Work item: Once you have located the line containing "Ocún Mánia Shorts Men lime L" in the material below, return it exactly along with each line after it through the line containing "Michelin Pilot Sport".

_ _ _

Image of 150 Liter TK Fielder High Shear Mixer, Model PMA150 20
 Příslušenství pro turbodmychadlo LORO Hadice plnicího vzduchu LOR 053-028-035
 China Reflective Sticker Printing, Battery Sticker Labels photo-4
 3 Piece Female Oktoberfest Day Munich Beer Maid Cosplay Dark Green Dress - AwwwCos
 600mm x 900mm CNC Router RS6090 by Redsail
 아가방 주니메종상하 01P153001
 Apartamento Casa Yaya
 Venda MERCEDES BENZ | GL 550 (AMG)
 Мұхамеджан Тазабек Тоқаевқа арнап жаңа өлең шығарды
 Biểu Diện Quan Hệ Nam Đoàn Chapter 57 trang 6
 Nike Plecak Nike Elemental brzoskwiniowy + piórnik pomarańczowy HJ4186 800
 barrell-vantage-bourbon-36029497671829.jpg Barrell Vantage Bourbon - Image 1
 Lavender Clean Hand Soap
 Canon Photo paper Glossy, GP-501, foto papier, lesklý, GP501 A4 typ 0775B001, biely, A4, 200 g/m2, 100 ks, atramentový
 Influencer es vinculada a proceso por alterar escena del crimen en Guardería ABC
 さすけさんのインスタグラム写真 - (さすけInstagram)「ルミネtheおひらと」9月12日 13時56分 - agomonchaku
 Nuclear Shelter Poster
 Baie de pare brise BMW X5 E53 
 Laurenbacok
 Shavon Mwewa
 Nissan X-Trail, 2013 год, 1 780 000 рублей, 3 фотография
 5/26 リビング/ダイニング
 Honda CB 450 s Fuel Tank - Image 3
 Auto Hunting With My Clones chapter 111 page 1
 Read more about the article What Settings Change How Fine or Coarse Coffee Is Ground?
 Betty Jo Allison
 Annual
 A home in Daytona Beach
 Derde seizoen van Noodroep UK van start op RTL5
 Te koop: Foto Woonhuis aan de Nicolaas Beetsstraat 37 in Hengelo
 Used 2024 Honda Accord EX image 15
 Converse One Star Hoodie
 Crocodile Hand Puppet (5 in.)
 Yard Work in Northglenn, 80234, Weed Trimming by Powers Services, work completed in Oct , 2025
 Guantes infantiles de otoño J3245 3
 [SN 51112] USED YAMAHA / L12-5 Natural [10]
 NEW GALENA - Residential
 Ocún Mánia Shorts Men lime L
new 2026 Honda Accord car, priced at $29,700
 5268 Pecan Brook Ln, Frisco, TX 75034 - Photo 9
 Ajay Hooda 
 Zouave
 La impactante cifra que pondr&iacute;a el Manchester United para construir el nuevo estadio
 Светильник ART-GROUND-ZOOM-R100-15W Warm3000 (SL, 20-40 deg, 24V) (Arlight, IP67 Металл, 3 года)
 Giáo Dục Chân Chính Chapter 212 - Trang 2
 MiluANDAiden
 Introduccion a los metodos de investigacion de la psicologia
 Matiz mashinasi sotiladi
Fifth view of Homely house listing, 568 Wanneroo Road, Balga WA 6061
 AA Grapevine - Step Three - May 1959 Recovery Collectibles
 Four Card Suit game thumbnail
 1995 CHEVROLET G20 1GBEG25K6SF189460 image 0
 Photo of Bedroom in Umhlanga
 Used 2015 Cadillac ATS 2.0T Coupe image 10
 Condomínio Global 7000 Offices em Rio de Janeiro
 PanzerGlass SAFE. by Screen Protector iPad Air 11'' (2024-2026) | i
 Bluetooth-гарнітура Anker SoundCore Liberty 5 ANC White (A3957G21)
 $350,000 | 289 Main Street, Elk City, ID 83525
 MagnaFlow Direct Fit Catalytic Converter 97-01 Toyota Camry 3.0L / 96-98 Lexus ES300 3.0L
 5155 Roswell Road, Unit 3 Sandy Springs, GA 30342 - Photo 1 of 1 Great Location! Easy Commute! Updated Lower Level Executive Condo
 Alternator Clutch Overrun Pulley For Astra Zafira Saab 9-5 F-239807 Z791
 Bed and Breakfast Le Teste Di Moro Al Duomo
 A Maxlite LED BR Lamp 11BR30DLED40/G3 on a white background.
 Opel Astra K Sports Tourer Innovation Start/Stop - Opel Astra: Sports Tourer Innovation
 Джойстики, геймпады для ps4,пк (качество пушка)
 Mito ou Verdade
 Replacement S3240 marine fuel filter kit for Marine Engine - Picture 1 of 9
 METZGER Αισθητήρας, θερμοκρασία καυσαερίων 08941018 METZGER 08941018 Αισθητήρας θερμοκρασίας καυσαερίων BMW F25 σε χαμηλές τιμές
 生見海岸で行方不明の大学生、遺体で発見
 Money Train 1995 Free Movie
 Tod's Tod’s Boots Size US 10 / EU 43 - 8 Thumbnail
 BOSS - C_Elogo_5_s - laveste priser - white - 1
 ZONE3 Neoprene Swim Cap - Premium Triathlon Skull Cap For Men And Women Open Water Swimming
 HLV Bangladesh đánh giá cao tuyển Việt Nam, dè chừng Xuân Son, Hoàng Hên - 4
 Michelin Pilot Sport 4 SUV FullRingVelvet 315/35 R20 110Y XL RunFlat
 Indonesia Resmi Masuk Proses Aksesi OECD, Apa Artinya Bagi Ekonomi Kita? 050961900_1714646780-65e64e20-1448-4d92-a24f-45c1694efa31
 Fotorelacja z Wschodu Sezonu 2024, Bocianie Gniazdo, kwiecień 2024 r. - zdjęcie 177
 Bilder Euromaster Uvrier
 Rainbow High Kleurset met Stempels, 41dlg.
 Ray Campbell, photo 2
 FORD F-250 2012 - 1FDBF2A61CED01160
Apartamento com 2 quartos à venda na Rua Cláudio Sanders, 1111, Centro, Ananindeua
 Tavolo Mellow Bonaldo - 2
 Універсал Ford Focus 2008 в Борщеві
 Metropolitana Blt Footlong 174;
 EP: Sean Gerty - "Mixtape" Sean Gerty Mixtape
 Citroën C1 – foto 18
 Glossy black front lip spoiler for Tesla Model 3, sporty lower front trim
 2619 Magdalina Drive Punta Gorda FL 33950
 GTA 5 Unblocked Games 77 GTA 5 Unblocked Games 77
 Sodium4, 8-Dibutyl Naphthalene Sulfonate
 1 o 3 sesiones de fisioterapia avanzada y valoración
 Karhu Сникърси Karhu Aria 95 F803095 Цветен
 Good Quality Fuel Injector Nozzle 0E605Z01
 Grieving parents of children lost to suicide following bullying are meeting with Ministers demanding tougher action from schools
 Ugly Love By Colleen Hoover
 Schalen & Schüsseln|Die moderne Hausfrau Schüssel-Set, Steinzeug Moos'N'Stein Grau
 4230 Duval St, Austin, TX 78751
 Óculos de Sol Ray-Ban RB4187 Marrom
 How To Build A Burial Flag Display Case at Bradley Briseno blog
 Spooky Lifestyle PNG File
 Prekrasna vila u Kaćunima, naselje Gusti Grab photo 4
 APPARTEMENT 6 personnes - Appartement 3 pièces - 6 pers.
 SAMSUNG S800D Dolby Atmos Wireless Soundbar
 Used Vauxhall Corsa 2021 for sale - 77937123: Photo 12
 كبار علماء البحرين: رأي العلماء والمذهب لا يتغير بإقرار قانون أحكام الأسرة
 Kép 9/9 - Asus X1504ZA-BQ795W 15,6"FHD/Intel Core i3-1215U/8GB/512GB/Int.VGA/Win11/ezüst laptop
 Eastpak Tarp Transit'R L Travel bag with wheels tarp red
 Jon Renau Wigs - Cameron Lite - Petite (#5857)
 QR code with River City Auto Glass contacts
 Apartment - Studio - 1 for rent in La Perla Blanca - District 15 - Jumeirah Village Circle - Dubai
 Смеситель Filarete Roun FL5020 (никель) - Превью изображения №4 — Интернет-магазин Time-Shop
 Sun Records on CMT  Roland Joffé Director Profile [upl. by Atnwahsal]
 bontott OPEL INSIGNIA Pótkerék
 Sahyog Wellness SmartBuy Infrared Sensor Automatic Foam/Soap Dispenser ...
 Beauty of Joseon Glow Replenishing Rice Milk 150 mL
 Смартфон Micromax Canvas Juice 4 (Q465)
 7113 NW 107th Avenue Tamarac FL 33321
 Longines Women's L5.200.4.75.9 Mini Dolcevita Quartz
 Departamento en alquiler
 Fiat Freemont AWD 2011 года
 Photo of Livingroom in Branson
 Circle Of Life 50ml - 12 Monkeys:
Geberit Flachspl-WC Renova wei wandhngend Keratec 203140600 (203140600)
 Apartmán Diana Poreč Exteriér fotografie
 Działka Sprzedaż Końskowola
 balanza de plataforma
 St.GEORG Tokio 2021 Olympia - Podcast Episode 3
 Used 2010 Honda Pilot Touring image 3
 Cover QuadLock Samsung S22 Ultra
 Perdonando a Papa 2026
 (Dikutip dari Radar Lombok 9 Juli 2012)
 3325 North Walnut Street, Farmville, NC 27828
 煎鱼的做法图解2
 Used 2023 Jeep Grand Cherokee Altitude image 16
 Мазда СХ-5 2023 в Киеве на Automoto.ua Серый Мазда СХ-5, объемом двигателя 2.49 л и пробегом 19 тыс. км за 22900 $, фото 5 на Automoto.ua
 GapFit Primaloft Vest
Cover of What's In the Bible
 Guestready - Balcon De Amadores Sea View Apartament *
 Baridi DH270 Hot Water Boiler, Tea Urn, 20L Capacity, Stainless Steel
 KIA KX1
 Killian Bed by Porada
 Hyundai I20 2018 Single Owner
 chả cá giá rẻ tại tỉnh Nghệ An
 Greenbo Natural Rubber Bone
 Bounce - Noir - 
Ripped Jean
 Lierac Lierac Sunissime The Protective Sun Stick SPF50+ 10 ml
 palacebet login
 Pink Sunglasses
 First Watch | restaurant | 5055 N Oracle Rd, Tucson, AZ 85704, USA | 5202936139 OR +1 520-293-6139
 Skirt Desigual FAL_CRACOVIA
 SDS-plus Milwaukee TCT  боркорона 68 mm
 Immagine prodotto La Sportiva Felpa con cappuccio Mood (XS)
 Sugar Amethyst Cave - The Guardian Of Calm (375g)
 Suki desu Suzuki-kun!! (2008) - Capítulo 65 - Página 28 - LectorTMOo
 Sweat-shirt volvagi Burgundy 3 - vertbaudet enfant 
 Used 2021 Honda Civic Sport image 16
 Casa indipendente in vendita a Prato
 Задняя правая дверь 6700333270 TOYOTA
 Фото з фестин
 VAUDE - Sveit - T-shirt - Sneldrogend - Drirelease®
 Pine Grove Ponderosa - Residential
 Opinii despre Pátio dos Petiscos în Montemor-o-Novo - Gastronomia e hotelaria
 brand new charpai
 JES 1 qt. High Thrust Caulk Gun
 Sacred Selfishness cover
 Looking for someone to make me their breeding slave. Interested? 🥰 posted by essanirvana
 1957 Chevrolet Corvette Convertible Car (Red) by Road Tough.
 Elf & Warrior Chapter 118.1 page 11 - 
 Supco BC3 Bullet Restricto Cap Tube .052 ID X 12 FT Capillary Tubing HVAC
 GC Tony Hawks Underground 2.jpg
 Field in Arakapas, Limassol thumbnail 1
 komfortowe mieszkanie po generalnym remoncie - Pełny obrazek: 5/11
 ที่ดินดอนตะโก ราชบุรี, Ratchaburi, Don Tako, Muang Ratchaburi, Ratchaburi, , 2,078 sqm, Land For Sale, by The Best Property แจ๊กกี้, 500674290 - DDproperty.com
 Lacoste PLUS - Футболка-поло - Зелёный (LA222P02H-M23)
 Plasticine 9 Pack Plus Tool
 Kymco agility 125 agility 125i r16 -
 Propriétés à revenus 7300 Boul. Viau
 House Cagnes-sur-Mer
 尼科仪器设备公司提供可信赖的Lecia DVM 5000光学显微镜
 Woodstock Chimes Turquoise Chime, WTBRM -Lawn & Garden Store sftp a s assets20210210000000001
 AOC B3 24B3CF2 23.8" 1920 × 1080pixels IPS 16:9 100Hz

_ _ _

Written answer:
 Ocún Mánia Shorts Men lime L
new 2026 Honda Accord car, priced at $29,700
 5268 Pecan Brook Ln, Frisco, TX 75034 - Photo 9
 Ajay Hooda 
 Zouave
 La impactante cifra que pondr&iacute;a el Manchester United para construir el nuevo estadio
 Светильник ART-GROUND-ZOOM-R100-15W Warm3000 (SL, 20-40 deg, 24V) (Arlight, IP67 Металл, 3 года)
 Giáo Dục Chân Chính Chapter 212 - Trang 2
 MiluANDAiden
 Introduccion a los metodos de investigacion de la psicologia
 Matiz mashinasi sotiladi
Fifth view of Homely house listing, 568 Wanneroo Road, Balga WA 6061
 AA Grapevine - Step Three - May 1959 Recovery Collectibles
 Four Card Suit game thumbnail
 1995 CHEVROLET G20 1GBEG25K6SF189460 image 0
 Photo of Bedroom in Umhlanga
 Used 2015 Cadillac ATS 2.0T Coupe image 10
 Condomínio Global 7000 Offices em Rio de Janeiro
 PanzerGlass SAFE. by Screen Protector iPad Air 11'' (2024-2026) | i
 Bluetooth-гарнітура Anker SoundCore Liberty 5 ANC White (A3957G21)
 $350,000 | 289 Main Street, Elk City, ID 83525
 MagnaFlow Direct Fit Catalytic Converter 97-01 Toyota Camry 3.0L / 96-98 Lexus ES300 3.0L
 5155 Roswell Road, Unit 3 Sandy Springs, GA 30342 - Photo 1 of 1 Great Location! Easy Commute! Updated Lower Level Executive Condo
 Alternator Clutch Overrun Pulley For Astra Zafira Saab 9-5 F-239807 Z791
 Bed and Breakfast Le Teste Di Moro Al Duomo
 A Maxlite LED BR Lamp 11BR30DLED40/G3 on a white background.
 Opel Astra K Sports Tourer Innovation Start/Stop - Opel Astra: Sports Tourer Innovation
 Джойстики, геймпады для ps4,пк (качество пушка)
 Mito ou Verdade
 Replacement S3240 marine fuel filter kit for Marine Engine - Picture 1 of 9
 METZGER Αισθητήρας, θερμοκρασία καυσαερίων 08941018 METZGER 08941018 Αισθητήρας θερμοκρασίας καυσαερίων BMW F25 σε χαμηλές τιμές
 生見海岸で行方不明の大学生、遺体で発見
 Money Train 1995 Free Movie
 Tod's Tod’s Boots Size US 10 / EU 43 - 8 Thumbnail
 BOSS - C_Elogo_5_s - laveste priser - white - 1
 ZONE3 Neoprene Swim Cap - Premium Triathlon Skull Cap For Men And Women Open Water Swimming
 HLV Bangladesh đánh giá cao tuyển Việt Nam, dè chừng Xuân Son, Hoàng Hên - 4
 Michelin Pilot Sport 4 SUV FullRingVelvet 315/35 R20 110Y XL RunFlat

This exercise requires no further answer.